Tatu Muanda, hardworking, quiet, and congenial, works in our home 3 days a week. We hired him soon after we moved into our apartment last year, to help with cleaning, laundry, and some cooking. He tends to be so easy-going and reserved, that we did not find out for a few months that his wife was in the distant city of Luiza with some relatives. She had traveled to Luiza for the funeral of her mother, then lacked the means or motivation to return home to Kananga. So she stayed in Luiza with some of her grown children and relatives…for 2 years. “She will return.” he told us, “Maybe next month, when the kids are out of school.” One month stretched into several, and we asked Tatu Muanda repeatedly if he had heard anything and if there was anything we could do to help. “She will come,” he always said confidently, “we just wait.”
Just last week, we heard that his wife, Mamu Monique, had made the 200km (120 mi) trek with some of her children. Then this week she came to our house to visit. We rejoiced at the reunion of the family, and were relieved that Tatu Muanda is no longer alone. “A whole week on the road,” she recounted “walking and stopping to sleep, and walking again. Our whole bodies hurt so bad when we arrived!” She marveled that her blue flip-flops had survived the arduous journey “usually I don’t wear any shoes, but my daughter gave me these for the road.”
“In Kananga, we didn’t have any food to eat, we were dressed in rags.
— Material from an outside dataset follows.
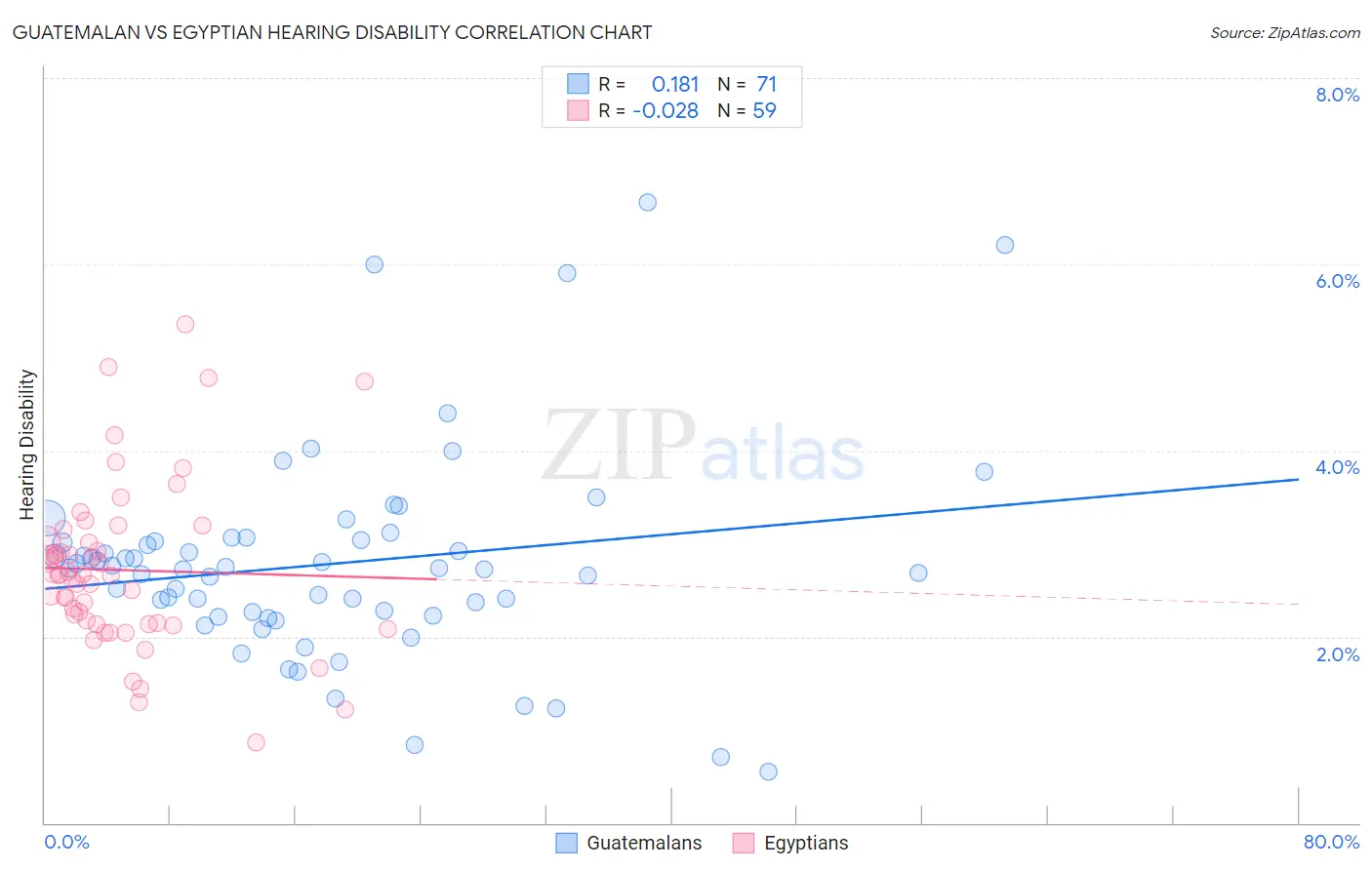 Guatemalan vs Egyptian Hearing Disability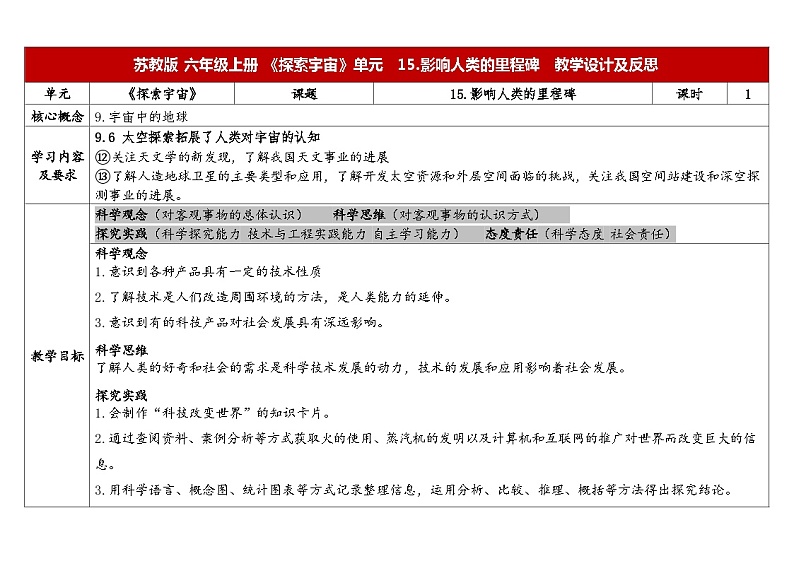 15.影响人类文明的里程碑-苏教版科学六年级上册教案合集202401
We were so ashamed!” She reflected, referring to life in Kananga before she had gone to Luiza 2 years ago. “So, when my mother died, I went to Luiza. At least there you can grow food because it is rural. In Kananga there is no way if you don’t have money! Tatu Muanda refused the long walk though, so he stayed here.” Now that Tatu Muanda is employed with us, they have some income to buy food and other necessities. While this does not make them rich, we were thrilled to see that at least it was enough motivation for Mamu Monique to return home. She returned with a few of her children and grandchildren. “Now we all want to live in Kananga!” she said.
Not only did she return by foot on the long, sandy, road, but she carried a large squash with her to give to us. “I heard that Tatu Muanda was working with you, and so I decided that I had to come see you. I had to see Muambi Disanka and Mamu Luse!” (our Tshiluba names), she exclaimed. We marveled at her strength and stamina to carry a 10+ lb squash on that multi-day walk. We asked her to show us how she carried it, and she demonstrated how she positioned it on her head with a cloth.
So, welcome home Mamu Monique! We are humbled by the labor of love of transporting this squash such a long distance. We enjoyed with much gratefulness some wonderful squash and peanut soup just before we left Kananga this week.